一般小学生
まとめ
- 北半球において、夏至の日に太陽が天頂(南中高度90度)を通過する緯度のこと。
- 地球の自転軸(地軸)が公転面に対して約23.4度傾いていることに由来し、地理学上では「北回帰線」と呼ばれる。
- 太陽が真上を通過する北限の境界線であり、これより北の地域では1年を通じて太陽が天頂に来ることはない。
解説
地球は、太陽の公転面の垂線方向から自転軸(地軸)を約23.4度傾けた状態で公転している。この傾きにより、観測地点の緯度や季節によって太陽の通る道筋や南中高度、日の出・日の入りの方位が決定される。
北半球が最も太陽側に傾く夏至の日、北緯23.4度の地点では正午に太陽が天頂(南中高度90度)を通過する。この緯度を「北回帰線」と呼び、熱帯地方の北端の境界となっている。夏至の日の南中高度を求める公式「90 - 緯度 + 23.4」において、緯度に23.4を代入すると高度が90度になることからも、この関係性が証明される。
小学生のみなさんへ
地球は、太陽のまわりをまわるときに、まっすぐではなく少しななめにむいた状態でまわっています。このななめの角度が「23.4度」です。
北緯23.4度は、1年の中で一番昼が長い「夏至(げし)」の日に、太陽がちょうど頭の真上を通る場所のことです。この場所は「北回帰線」ともよばれています。

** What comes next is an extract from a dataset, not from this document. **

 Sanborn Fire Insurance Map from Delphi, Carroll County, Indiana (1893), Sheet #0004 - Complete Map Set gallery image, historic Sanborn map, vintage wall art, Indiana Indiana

日本はこの場所よりも北にあるので、太陽が真上に来ることはありません。でも、この23.4度の「かたむき」があるおかげで、日本には春・夏・秋・冬という四季があるのです。
ルラスタコラム
もし地球がななめにかたむいていなかったら、1年中ずっと同じ季節のままになってしまいます。23.4度という絶妙なかたむきが、私たちの世界に豊かな季節の変化をあたえてくれているのですね。